**ENTRIES SHOWN:**
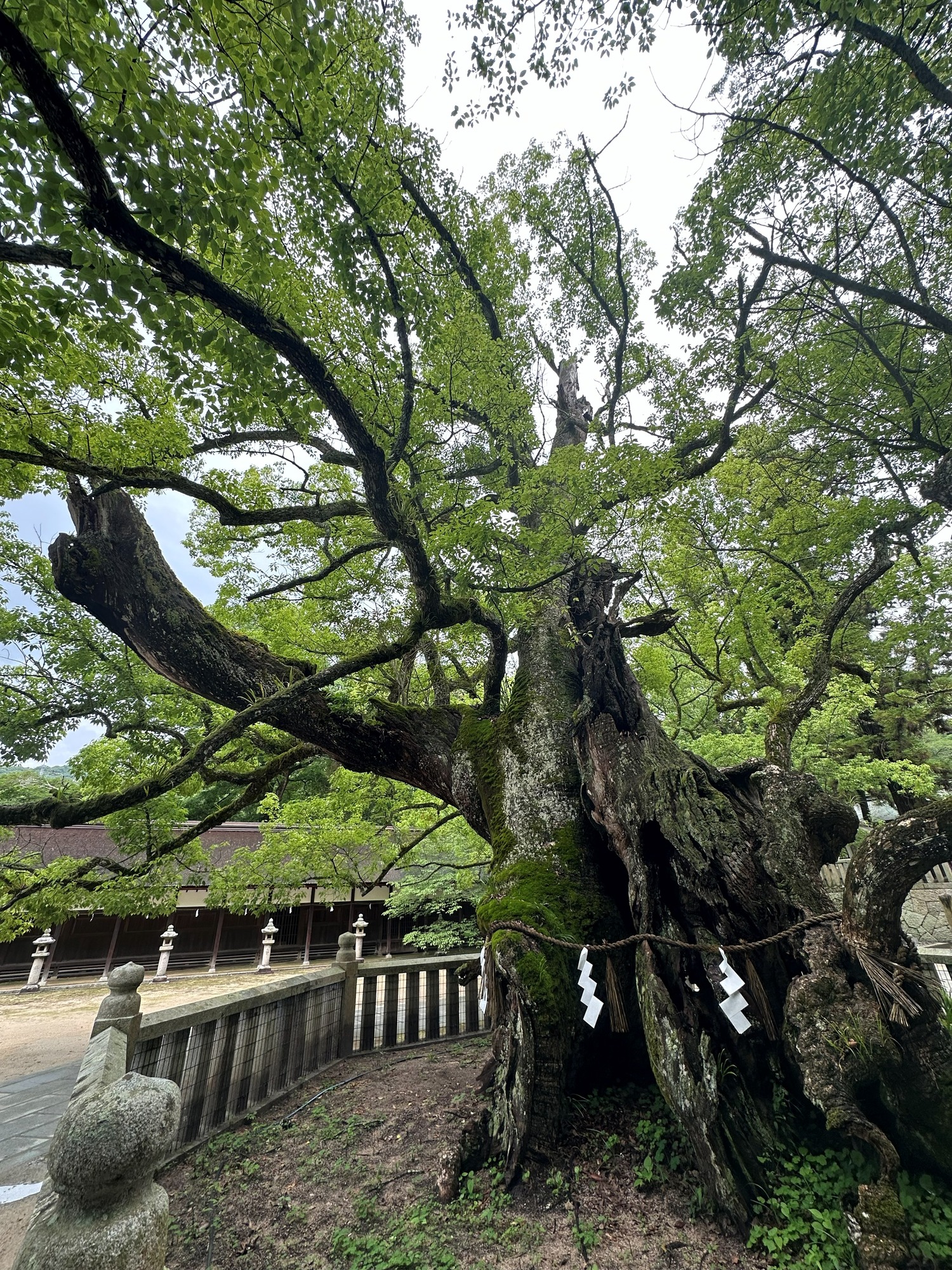 古木 紙垂 社殿 老樹 樹木の時間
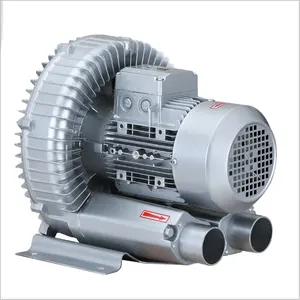 Bomba de aireación de vórtice Industrial de alta presión personalizada, sopladores de aire, máquina de ventiladores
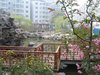 一品嘉园租房800元/月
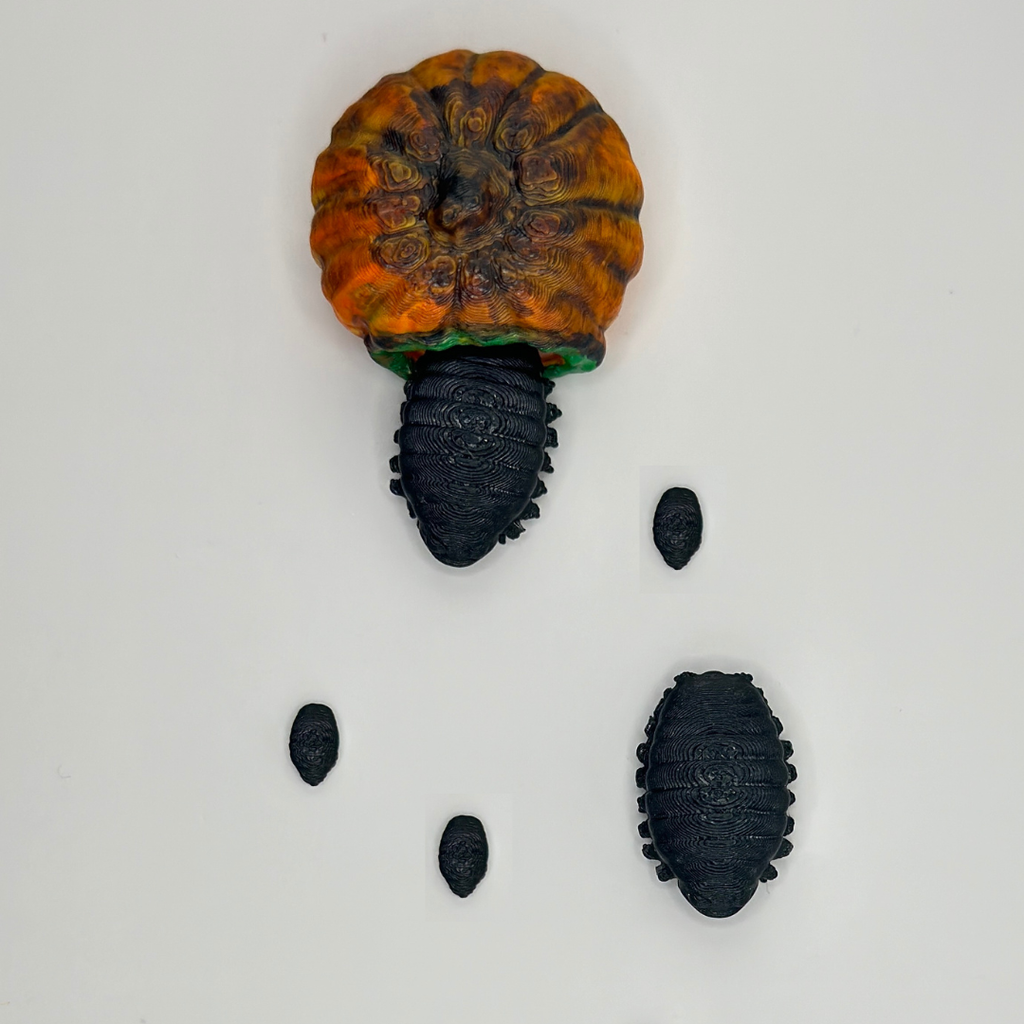 Pumpkin Parasite with Larvae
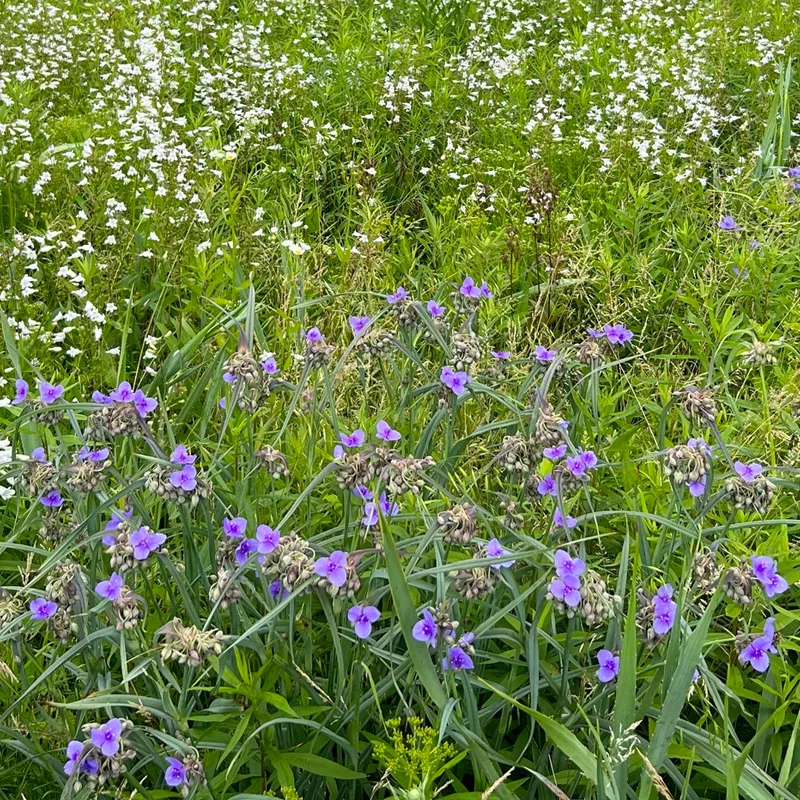 Prairie Spiderwort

**INSTRUCTIONS FOR THE TASK:** An exact copy of every record above is required, with all pictures omitted.

**WRITTEN ANSWER:**
 古木 紙垂 社殿 老樹 樹木の時間
 Bomba de aireación de vórtice Industrial de alta presión personalizada, sopladores de aire, máquina de ventiladores
 一品嘉园租房800元/月
 Pumpkin Parasite with Larvae
 Prairie Spiderwort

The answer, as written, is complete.